At this point I was still sleep addled, and very confused. I told the rescuer to take my number and have her friends call me so we could sort this all out.
Fortunately they waited until after I had coffee, because up till that point I really needed a flowchart to understand what I had heard over the phone.
When they went to the track to pick up a couple horses for layup, another trainer emerged from a barn, asking if they had room for a free horse, or knew anyone who wanted one. As it so happened, they did know someone who wanted one – a neighbor and trusted friend had been looking for a h/j prospect to work with and eventually rehome. They knew her farm to be nice, and knew them to be decent. So they put Major on their trailer with her in mind.
They took him home, and with full faith that their neighbor was a good person with good intentions, gave him to her.
From there, we know the rest of the story – she put him up for sale for $500 almost immediately. When he didn’t sell, the “free” ad went up, giving him till the end of january or he would go “to Auction.” She now claims someone took the horse claiming to be a good home, and that she was lied to about where he would end up. While that is entirely possible, it was still her stated intention that he would end up there, so I consider that point moot (however, people in this area should be aware that there IS someone grabbing up free horses with a nice feel good story about a good home and then taking them to local low end auctions. Be aware.).
At no time did she expressly ask her neighbors for help, or say “can you please take him back?” While they knew she would be looking to rehome him, they never anticipated or dreamed he could end up in this situation.
The thing is, this could happen to ANY of us. Even people we know well can occasionally do things that we feel is beyond the pale, and surprises us to know end. Similar things have happened to us as an organization – people who pass their application and are recommended end up being such poor owners we have to take a horse back (fortunately this has only happened once!) It’s a rough world out there and there are a lot of people who just suck (sorry, no other way to put it).
In any case, the folks who took Major off the track and tried to do the right thing by putting him into a home have offered to keep him themselves. We received many calls and emails from people in the rescue community, including some of our own volunteers, who know these folks and recommend them. We checked the references they gave us, and though the entire episode is one big cautionary tale about trusting people, we can’t find any reason why they shouldn’t be able to offer Major a great home.
Later today I’ll be heading back up to Elkton to get all the paperwork signed (he will be protected under our standard Bill of Sale) and meet them (and probably also to take a look at their farm – which may at some point serve as a layup or stopover farm for CANTER horses, as they’ve also expressed a desire to help us out if we ever need it). Since we know so many people in the area it should be easy for us to keep tabs on him and make sure everything is going well.
In any case… be careful out there. If you are ever involved in giving away a horse, whether it is your own or one that fate puts in your hands even temporarily – check up on them. Even doing your best, there are always people out there saying the right things and by all appearances good people, who will turn out to be untrustworthy.
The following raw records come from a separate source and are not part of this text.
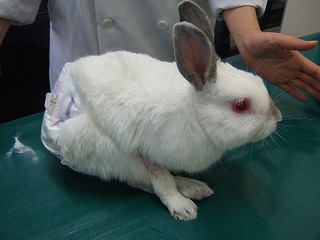 おむつウサギちゃん と 迷い子ウサギちゃん_b0059154_23312397.jpg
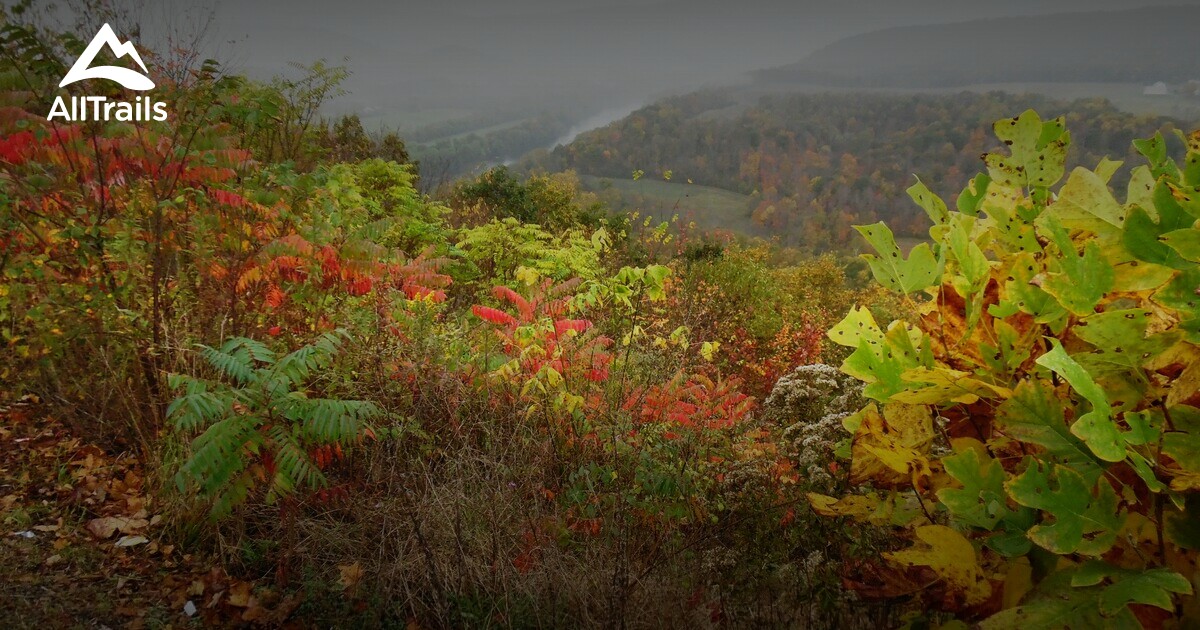 Best Mountain Biking Trails in Cacapon Resort State Park  AllTrails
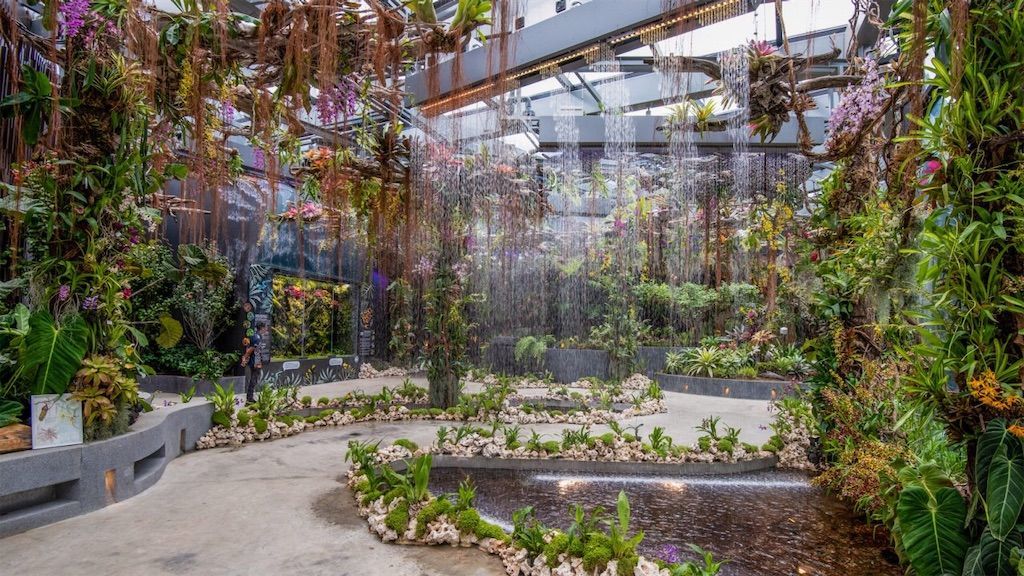 ガーデンズバイザベイまとめ 見どころ 料金 割引チケット 所要時間を解説 ダーウィンの足跡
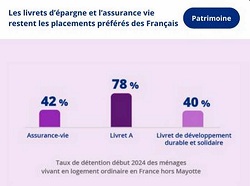 La détention de patrimoine des ménages en 2024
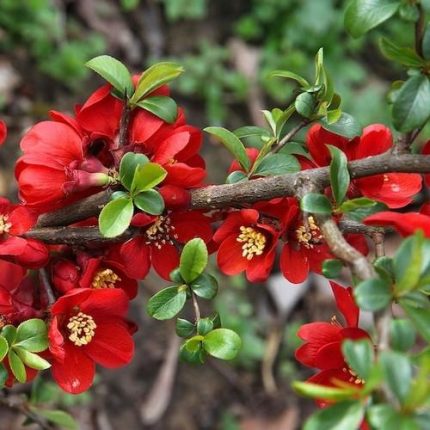 Gutui Japonez (Chaenomeles sup.) Crimson and Gold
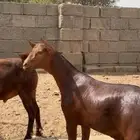 مشاريع دهم صنف فاخر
It makes me want to hold on to horses and never ever ever let them go, even though my brain KNOWS that the majority of people in the world actually are OK.
In this case, it looks like things will be ending well for Major. By all accounts, the farm where he is going is essentially the Northern Maryland version of our own Frederick area “Funny Farm” – so he should enjoy his life there. If his new people are amenable, I will post some updates here about how is doing.